Verbatim copy, pictures excluded: every line from the one with "Now that you" through the final line of the data below, and no other line.
(RECORD EXTRACTS Opens)
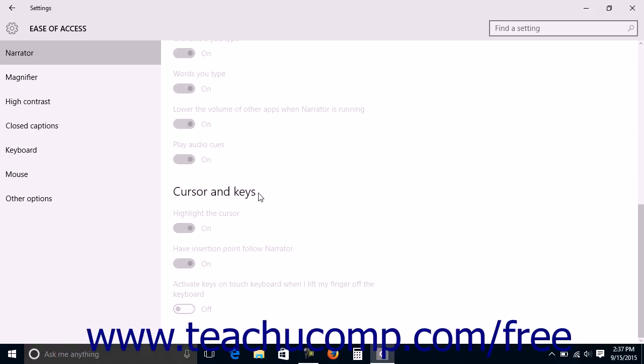In the Cursor and Keys section, the settings are highlight the cursor, have insertion point to follow the Narrator, and activate keys on touch keyboard when I lift my finger off the keyboard.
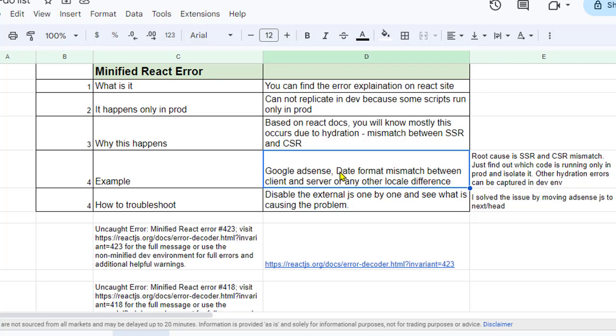Basically, what is happening is that SSR and CSR output is not matching, and that is why these kinds of errors are happening. What you have to do to fix this issue is find the JavaScript code that is running only in the production environment and not in the development environment, because that's why this error is happening only in production.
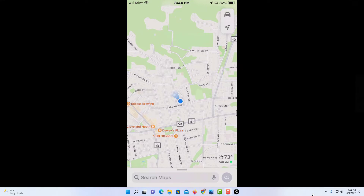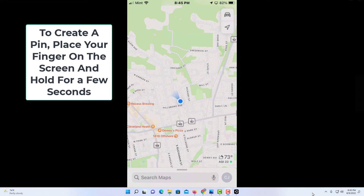I have my phone open now and I am on Apple Maps. To find the GPS coordinates of a location, you can either find the coordinates of where you're at — that's the little blue circle — or you can create a pin and find the GPS coordinates that way. It works the same on both. I'm going to create a pin.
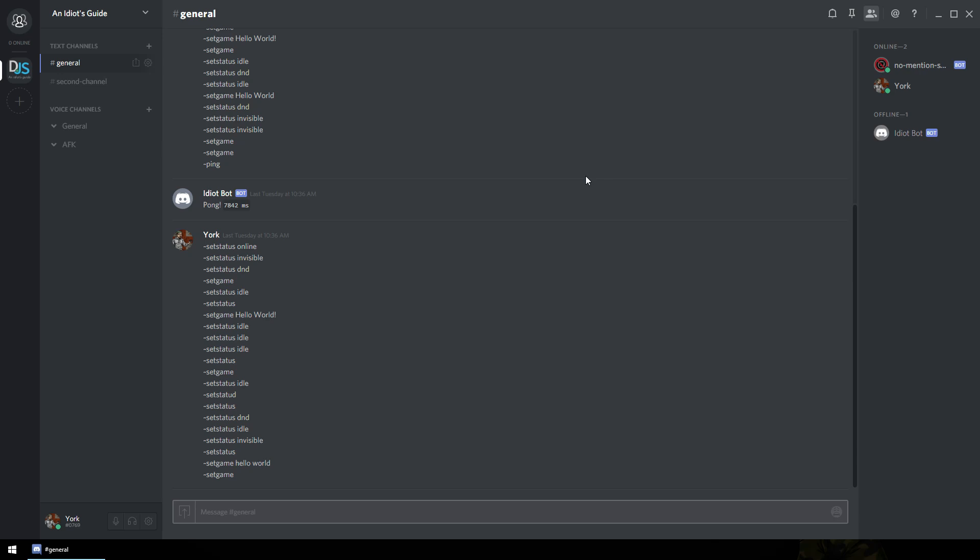Hello my fellow idiots, I'm York, your idiot guide, and we're going to do something slightly different today. We're going to look at hosting our bot on a Raspberry Pi. Now I've done this and it works, so we're gonna walk you through.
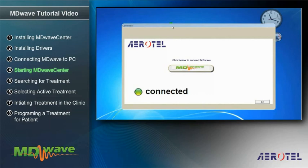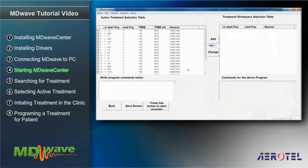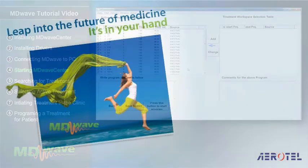At this stage, click the MDWave button in the connection window for opening the device's management program. The system is now ready for programming the MDWave device, as will be described in the next video clips.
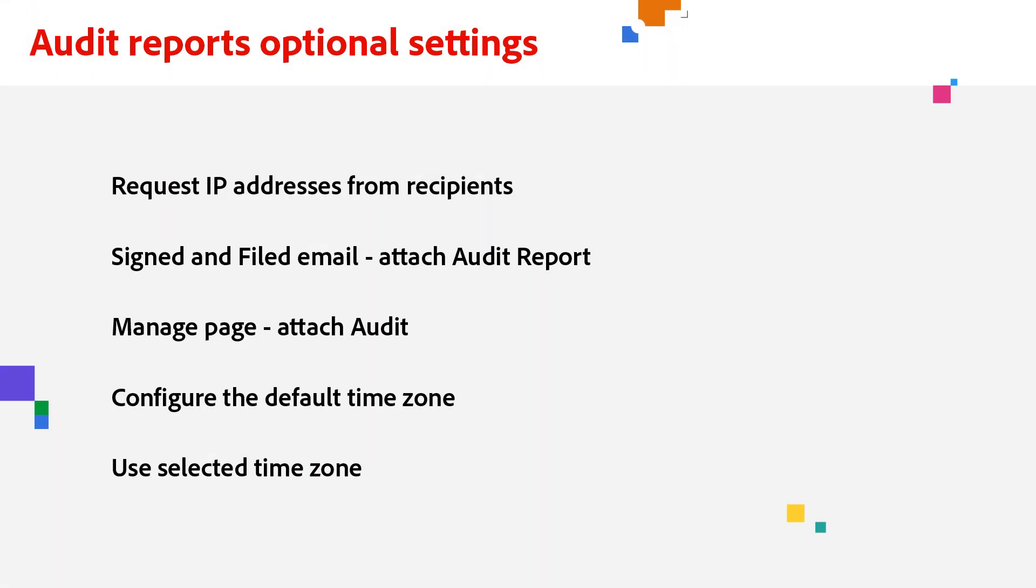Now that you know how to download and view an Audit Report, I'll show you optional Audit Report settings available to you. One option is to request IP addresses from the recipients for the Audit Report.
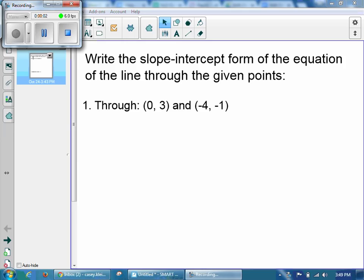Hi, I am 9team. If you are watching this video, then you are done with the Chapter 2 test and you're ready to write equations.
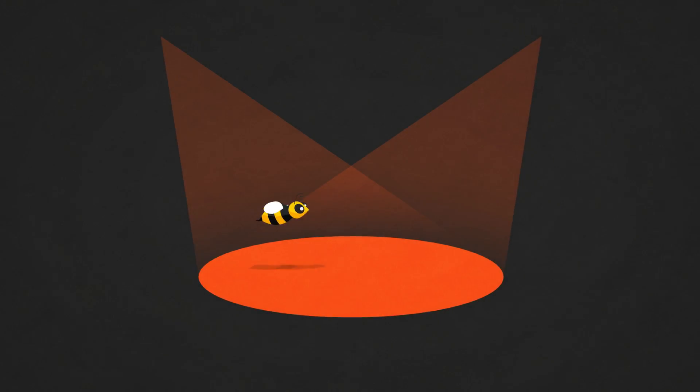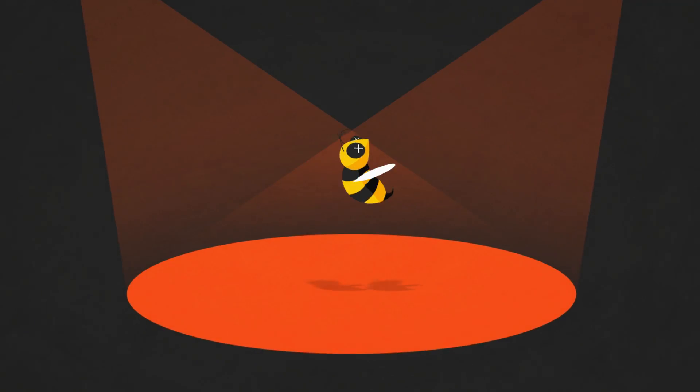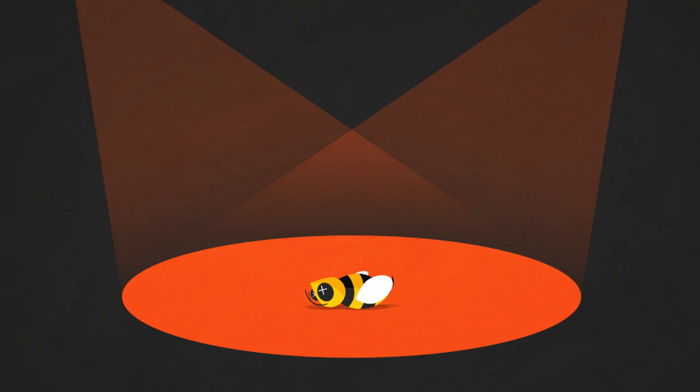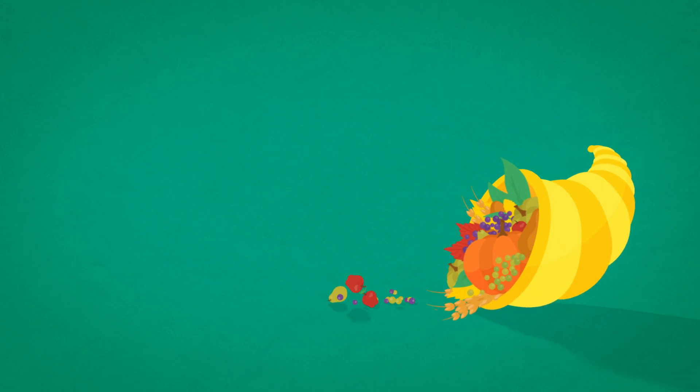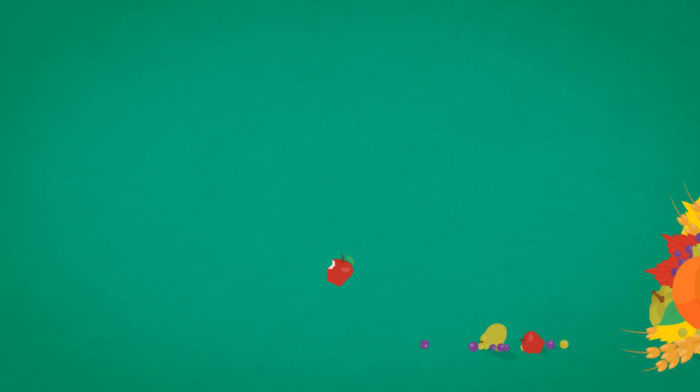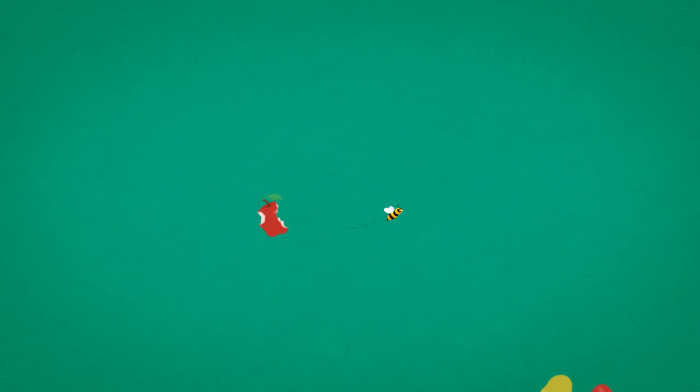These toxic chemicals are known to kill bees, and bees are important. They pollinate one in every three bites of food that we eat, but it doesn't stop there.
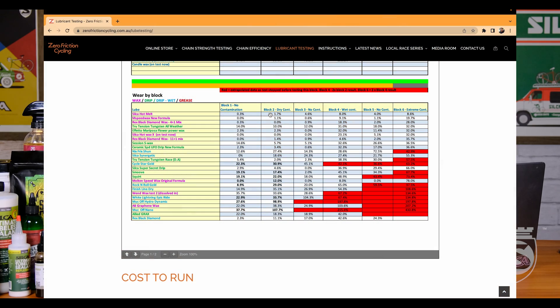One of the things you can catch here that I think is pretty exciting is to look at the wear in a specific block. For dry, dusty conditions — block two — what is my best option for a long, hot, dusty, sandy dry event? Let's come to block two and filter for less than 10% wear. We've got the Hotmelt at 1.7, 1.1; Rex Black Diamond 4+1 does 0; Silca Hotmelt X does 0.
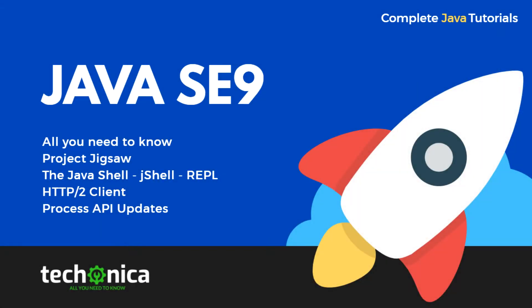Hi guys, welcome to the session on the new features of Java 9. Today we will cover the overview of what are the new changes that are adopted to the new Java release.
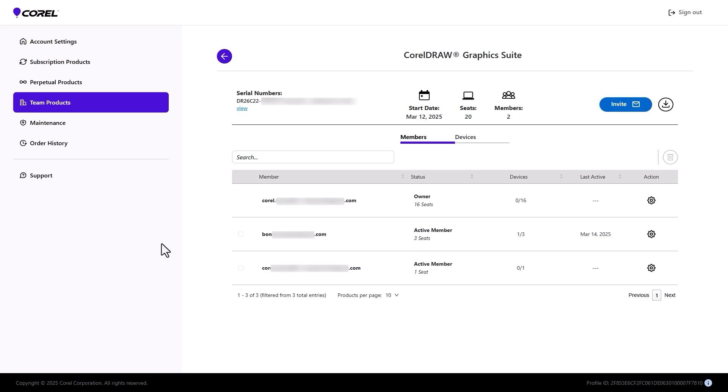Download the product, install using the same serial number, and authenticate. If this team member attempts to install on too many devices, they will get a message that their device number is exceeded.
(RECORD EXTRACTS Closes)
## WRITTEN SOLUTION
Now that you know how to download and view an Audit Report, I'll show you optional Audit Report settings available to you. One option is to request IP addresses from the recipients for the Audit Report.
Hi, I am 9team. If you are watching this video, then you are done with the Chapter 2 test and you're ready to write equations.
These toxic chemicals are known to kill bees, and bees are important. They pollinate one in every three bites of food that we eat, but it doesn't stop there.
One of the things you can catch here that I think is pretty exciting is to look at the wear in a specific block. For dry, dusty conditions — block two — what is my best option for a long, hot, dusty, sandy dry event? Let's come to block two and filter for less than 10% wear. We've got the Hotmelt at 1.7, 1.1; Rex Black Diamond 4+1 does 0; Silca Hotmelt X does 0.
Hi guys, welcome to the session on the new features of Java 9. Today we will cover the overview of what are the new changes that are adopted to the new Java release.
Download the product, install using the same serial number, and authenticate. If this team member attempts to install on too many devices, they will get a message that their device number is exceeded.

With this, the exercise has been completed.